Last week, YIMBY visited the site to document the construction progress, and see how the nearly-finished building looks at sunset. Among the observations was how the manmade light illuminates the clerestories, warm in contrast with the cool stainless steel.
The overall design has the appearance of a massive metal tent rising from the trees, with catenary curves that expose the 64 smile-shaped clerestories, flooding the grand interior atrium with natural light. In an unorthodox way, the building has more roof than a facade.
The drooping metal canvases, covered with photovoltaic scales, act as a solar energy farm and a nine-acre rainwater harvesting platform. Once the solar panels turn on, the building will generate around four megawatts of energy, enough to power roughly eight hundred homes for a year.
The 111-foot structure will yield 595,000 square feet of built area, primarily for office use. Roughly three thousand employees are expected to occupy the building once complete. The canopy covers over 400,000 square feet of land, with each eave rising 48 feet above the street level, providing cover for the various entrances. There will be onsite parking for 29 vehicles and 799 bicycles, with a 2,530-spot garage two blocks away as the long-term solution for employees with private cars.
The landscape programming, designed by Hargreaves Jones, features a variety of public amenities, most visibly with the ring of distinct outdoor spaces for employees and the public alike to relax, eat, jog, and bike through. There will be a central pavilion, courtyards, retail kiosks, a canopy of oak trees, and more to produce unique environments on each side. As a shortcut, the interior of the building will have a public central alleyway, providing pedestrians with a direct connection from Charleston Park to the North Shoreline Boulevard green loop.
The interior will have two floors of asymmetrically distributed rooms, with seating areas and pathways hoisted up to different heights, creating a sense of distinct spaces below the expansive ceiling.

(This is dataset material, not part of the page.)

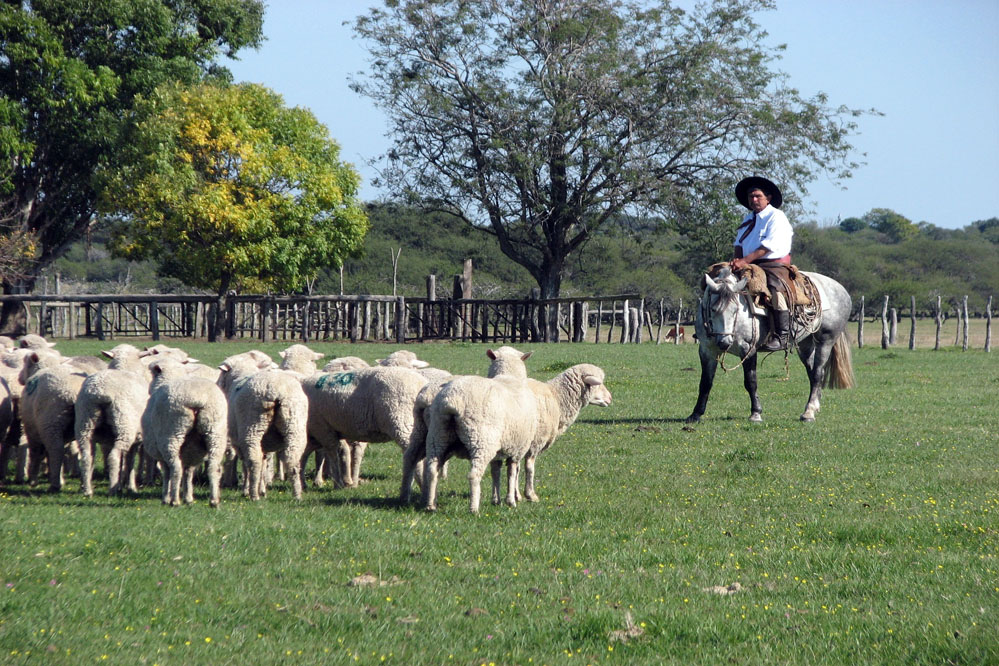 Efectivizan los primeros créditos para productores de cabras y ovejas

Describing their approach to the employee experience, Heatherwick Studio describes Charleston East as “freed from the convention of stacked office floors, the interior of the lightweight canopy is set around a large, day-lit open floor plate, composed of multiple tessellated platforms that step through the site.”
Bjarke Ingels Group writes that their approach reflects the ethos they observed from Google. “Our mission is to create a replicable and scalable building typology that is also adaptable and inclusive to the various sites of North Bayshore and beyond.” True to this, two more metal tents are propped up at Google Bay View, within the NASA Ames Research Center office campus.
The buildings will be used as offices and R&D. Arup is the project’s structural engineer, Adamson Associates is the architect of record, and HLW International is the executive interior architect. Devcon Construction is the main contractor.
The cost for construction has not been publicized. The opening date has not been shared, though it is expected to open this year.